* Dataset content
+++

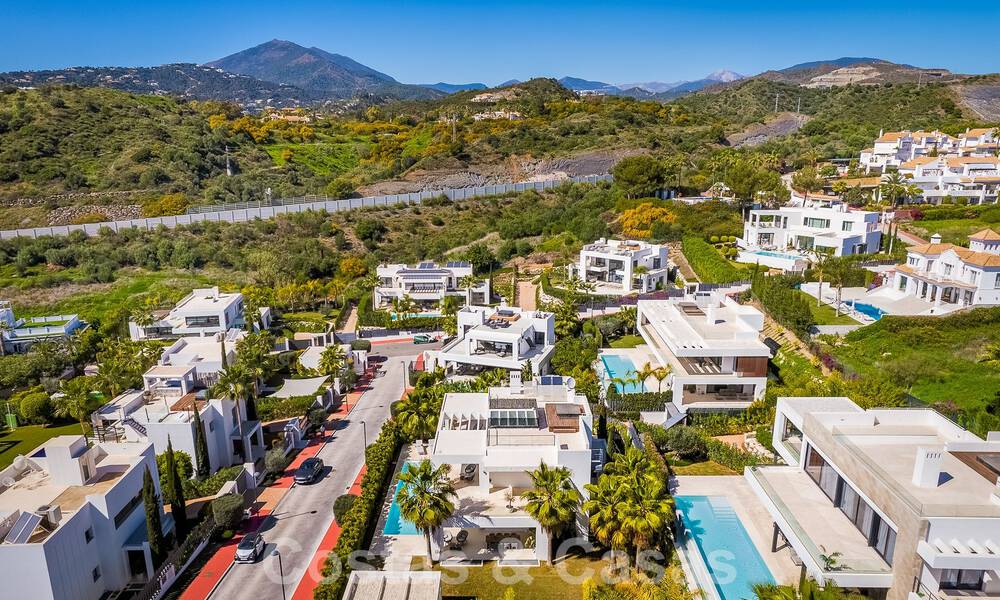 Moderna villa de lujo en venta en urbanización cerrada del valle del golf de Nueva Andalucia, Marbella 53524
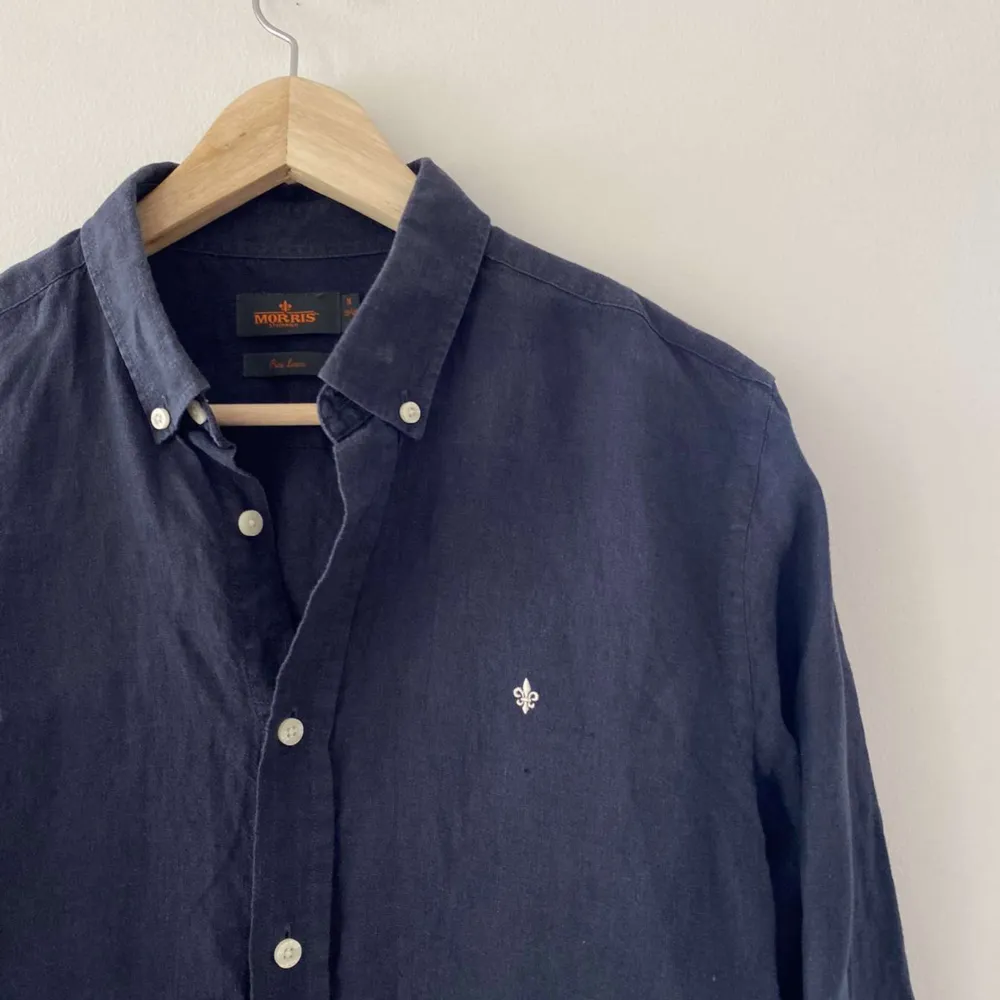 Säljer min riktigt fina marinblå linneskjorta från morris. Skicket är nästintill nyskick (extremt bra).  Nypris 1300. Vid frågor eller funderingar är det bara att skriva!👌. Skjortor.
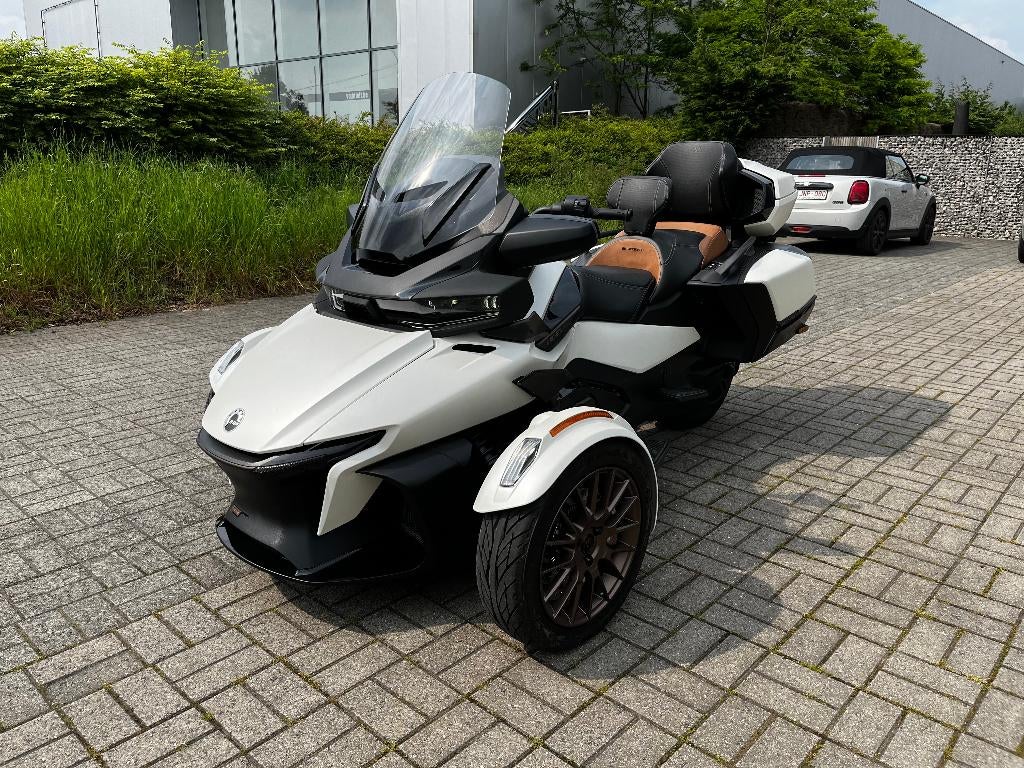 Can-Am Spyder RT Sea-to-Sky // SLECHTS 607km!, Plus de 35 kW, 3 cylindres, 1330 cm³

+++

Each line above should be returned exactly as it stands, minus any pictures.

 Moderna villa de lujo en venta en urbanización cerrada del valle del golf de Nueva Andalucia, Marbella 53524
 Säljer min riktigt fina marinblå linneskjorta från morris. Skicket är nästintill nyskick (extremt bra).  Nypris 1300. Vid frågor eller funderingar är det bara att skriva!👌. Skjortor.
 Can-Am Spyder RT Sea-to-Sky // SLECHTS 607km!, Plus de 35 kW, 3 cylindres, 1330 cm³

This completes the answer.